#### [WHAT YOU SHOULD DO]
With the pictures left out, please return exactly the line holding "Top view of" and each following line until the entries end.

#### [SUPPLIED INFORMATION]
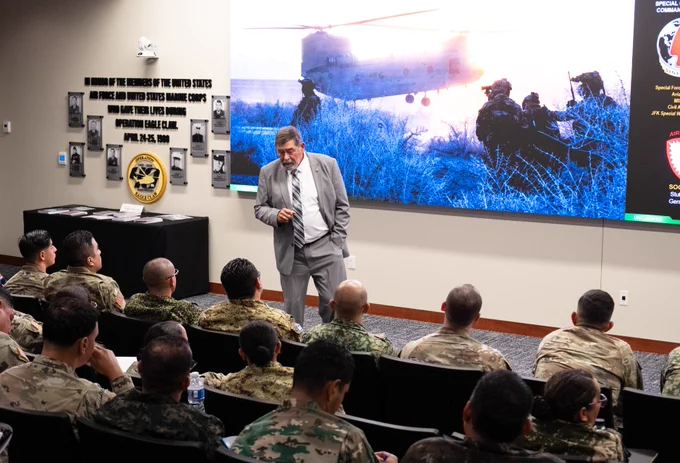 MG (RET) Simeon Trombitas, JSOU adjunct faculty, speaks to the WHINSEC visitors in JSOU’s Eagle Claw Auditorium. 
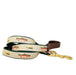 American Traditions ribbon dog collar with leather handle and brass snap and fish and lures decorating the ribbon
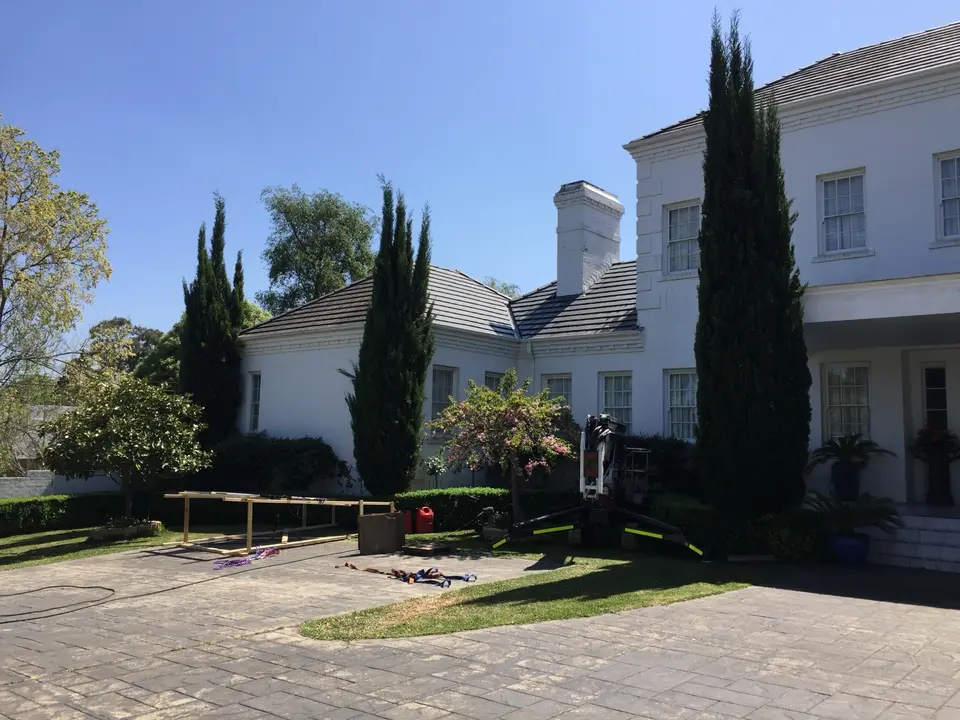 Front view of Templestowe home before high-pitched cement tile roof restoration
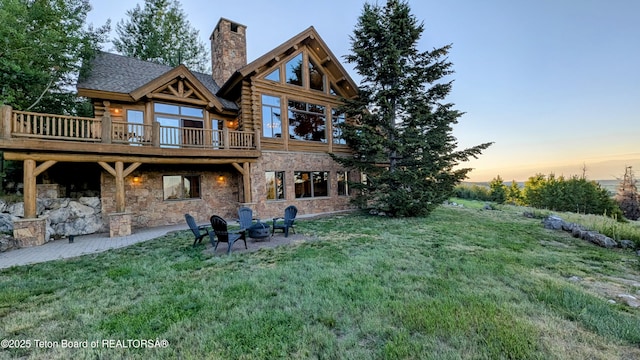 8157 Ripplinger Rd, Driggs, ID 83422 - rear view of house featuring a chimney, a yard, a wooden deck, log siding, and stone siding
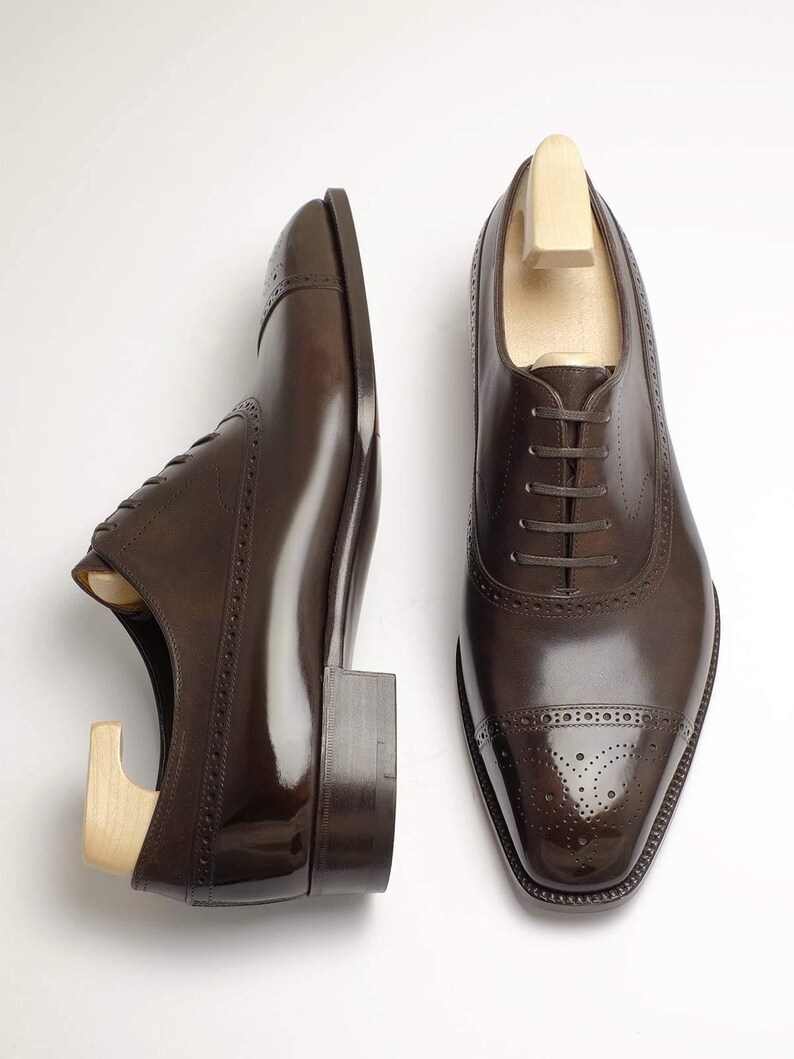 May include: Two brown leather dress shoes with wooden shoe trees inside, set against a white background. The shoes have a polished finish, decorative perforations, and a classic lace-up design. The shoes are a classic style.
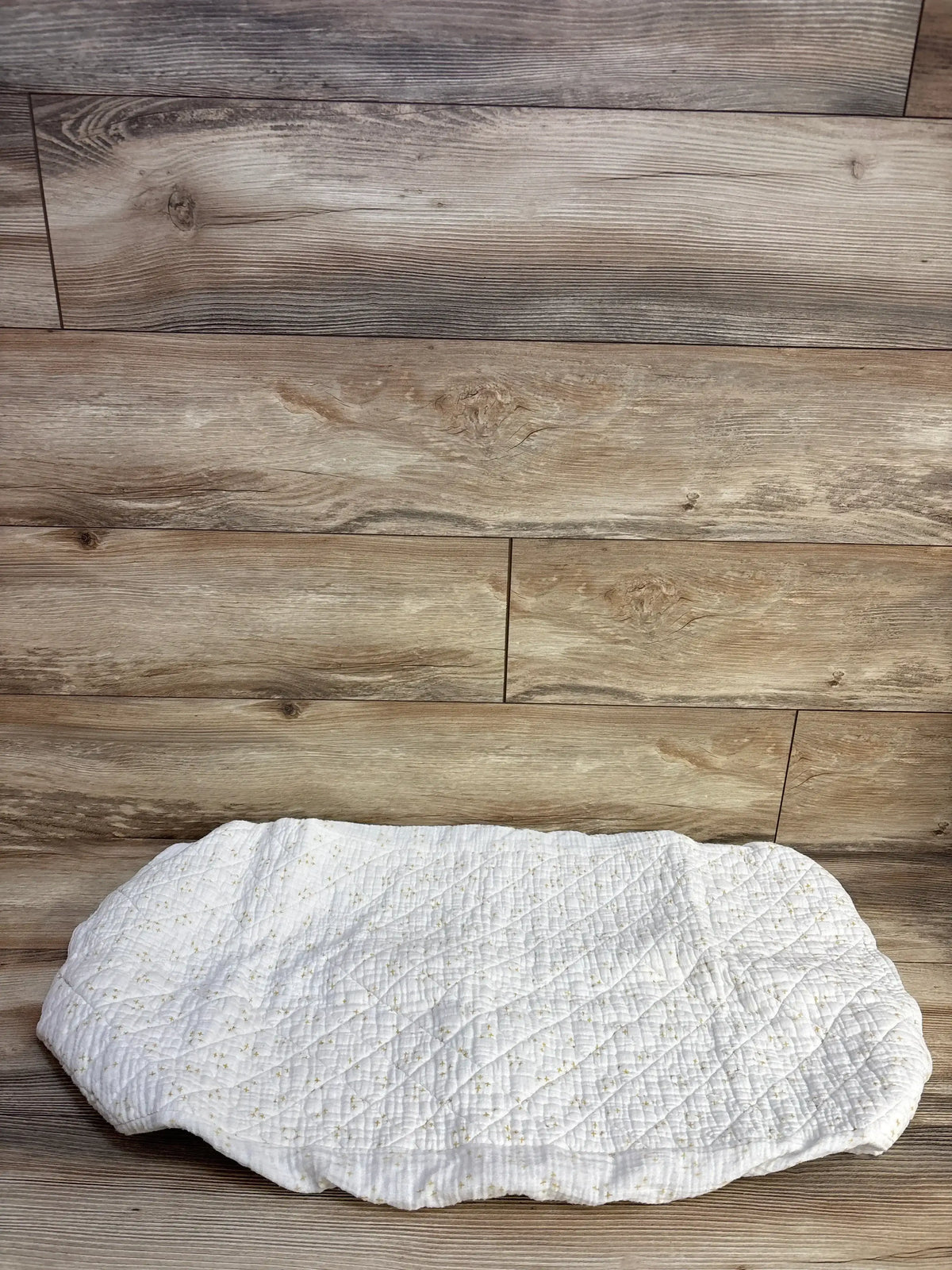 Top view of Crate Kids gauze changing pad cover with quilted diamond stitching and small gold stars on wood background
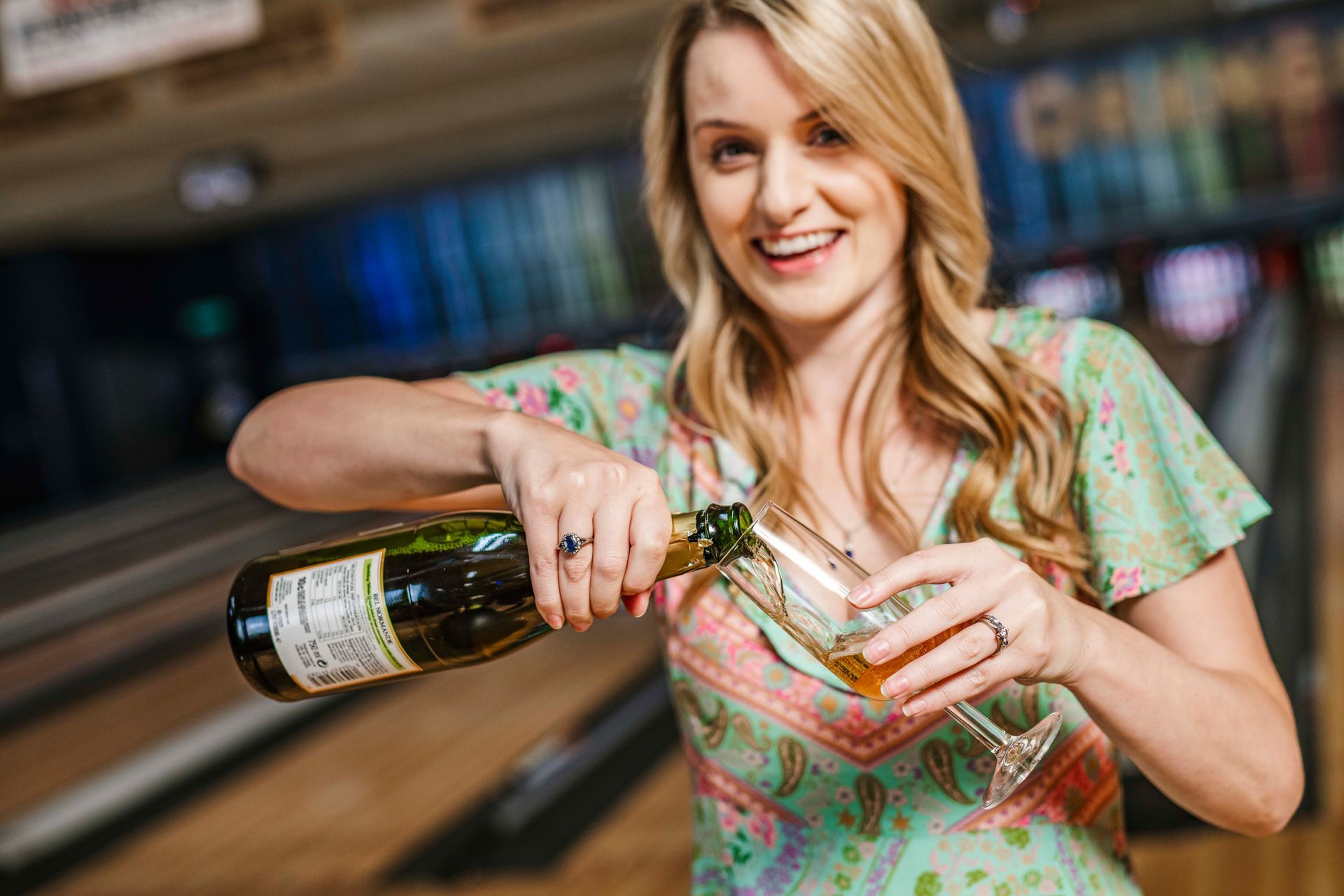 Woman Pouring Wine Into a Glass in a Store Aisle, Smiling — Orange Tenpin Bowl in Orange, NSW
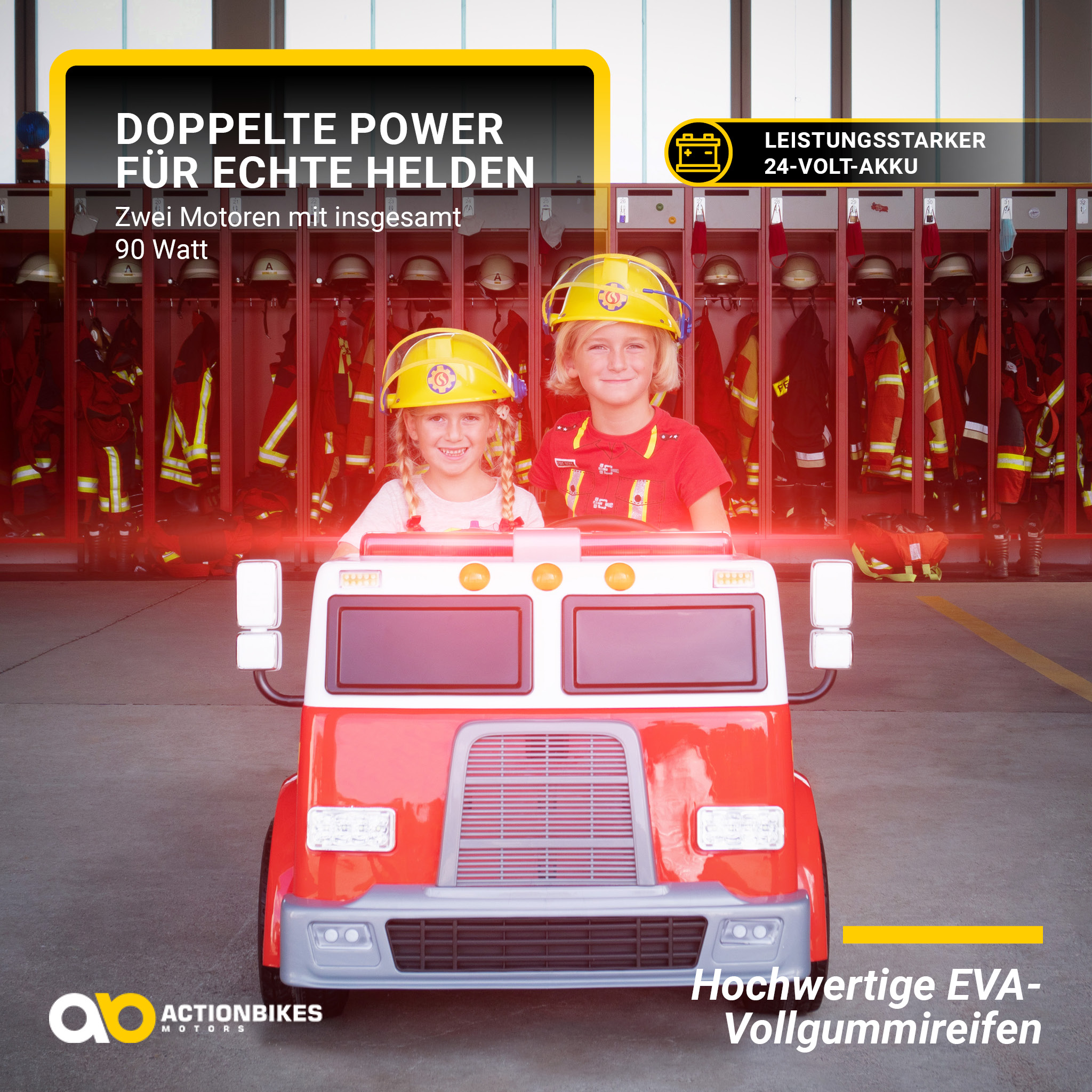 Zwei Kinder im Spielzeugfeuerwehrwagen. Hintergrund: Schränke und Feuerwehrausrüstung.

#### [SOLUTION TO THIS EXERCISE]
 Top view of Crate Kids gauze changing pad cover with quilted diamond stitching and small gold stars on wood background
 Woman Pouring Wine Into a Glass in a Store Aisle, Smiling — Orange Tenpin Bowl in Orange, NSW
 Zwei Kinder im Spielzeugfeuerwehrwagen. Hintergrund: Schränke und Feuerwehrausrüstung.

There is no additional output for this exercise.